Los Angeles Kings’ defenseman, Slava Voynov was suspended on Oct. 20 of this year following allegations of domestic abuse and his subsequent arrest. He was immediately suspended for the duration of the investigation, which still has yet to be resolved. Although the Russian native is not currently involved in any team activities, he continues to be on the Kings’ payroll, taking up $4.166 million of LA’s salary cap space.

This is the fifth week of Voynov’s suspension. The choice to suspend a player with pay is a fairly uncommon one and so far, it has worked against the Kings. The cap crunch has caused the Kings’ to have a player shortage. In order to accommodate the cap, the Kings have been forced at times to play one defenseman short.
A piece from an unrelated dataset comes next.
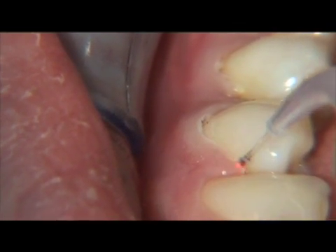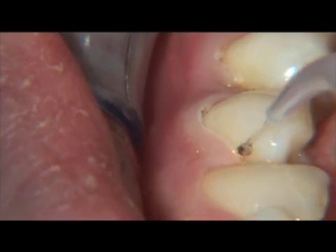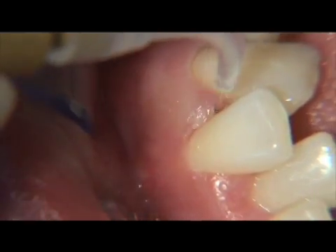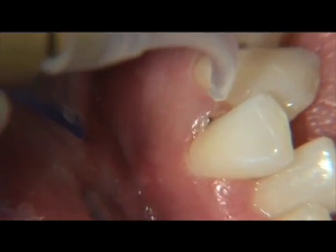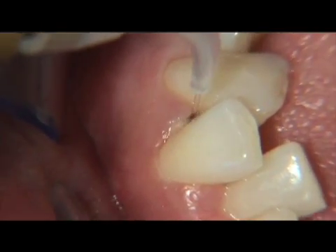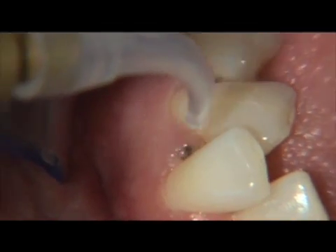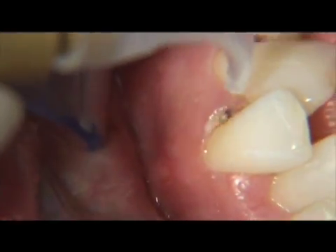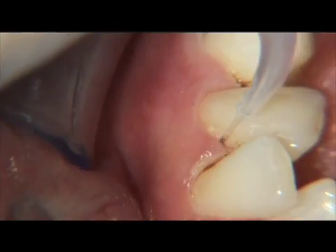Laser curettage can take anywhere between 30 seconds to more than a minute in order to cover the entire circumference of each tooth. The amount of time it actually takes per tooth depends on the depth of the pocket and where the pockets are located. Interproximal areas will take longer than facial or lingual surfaces.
Naturally, they are not too happy with their current situation. Unfortunately for the Kings, league commissioner, Gary Bettman is sticking to his guns. 

Bettman has remained unsympathetic towards the Kings’ struggles with the salary cap is not willing to make any exceptions for the reigning Stanley Cup Champions. He has made it clear that every team has a salary cap and is responsible for cap management, and the Kings, despite their situation with Voynov, is no different. According to an article published by Sports Illustrated, Bettman stated during a conference that the “Collective Bargaining Agreement (CBA) expressly provides for what we’re doing,” as in the CBA directly addresses this kind of suspension.

General Manager of the LA Kings, Dean Lombardi, is especially frustrated by the situation and Bettman’s unwillingness to throw his team a bone. While Lombardi has made statements since Voynov’s suspension that he agrees with the suspension of the 24-year old blue-liner, he also feels as if the league’s refusal to provide the Kings’ with cap relief is unfair and unreasonable. 

In an interview with the Orange County Register’s Rich Hammond on Nov. 17th, Lombardi commented on the fact that other teams have been allowed cap relief for issues such as injuries, and that relief allows for “a cushion,” he said. Lombardi believes that the Kings’ should have that cushion. Voynov is still suspended and his actions are very clearly not being ignored, and yet LA has not been given any wiggle room.

He further stated to Hammond that:

”We must build in a cushion in case one of our players is a bank robber, kleptomaniac, etc. The seemingly better alternative is, we have to do a better job of educating our players and, in particular, monitoring our players away from the rink. While monitoring them away from the rink may have the Orwellian connotation of `Big Brother’ oversight, that is the nature of the sports business in the cap era.”

Lombardi went on to reference the case of Maple Leaf’s right-winger, Carter Ashton, who has been serving a 20-game suspension which went into effect early November for the use of performance enhancing drugs that violated the terms laid out by the NHL/NHLPA’s Performance Enhancing Substances Program. Following Ashton’s suspension, Toronto was allowed cap space. While Ashton and Voynov’s respective cases are certainly not the same, Lombardi was trying to make a point about who gets cap space and who does not and how this distinction points to how, as he told the Helene Elliott of the Los Angeles Times, “the system is dysfunctional.”

Looking ahead, Voynov’s court date is set for December 1st and with the way things are going it looks like the Kings will have to do what they can with the current salary cap in place.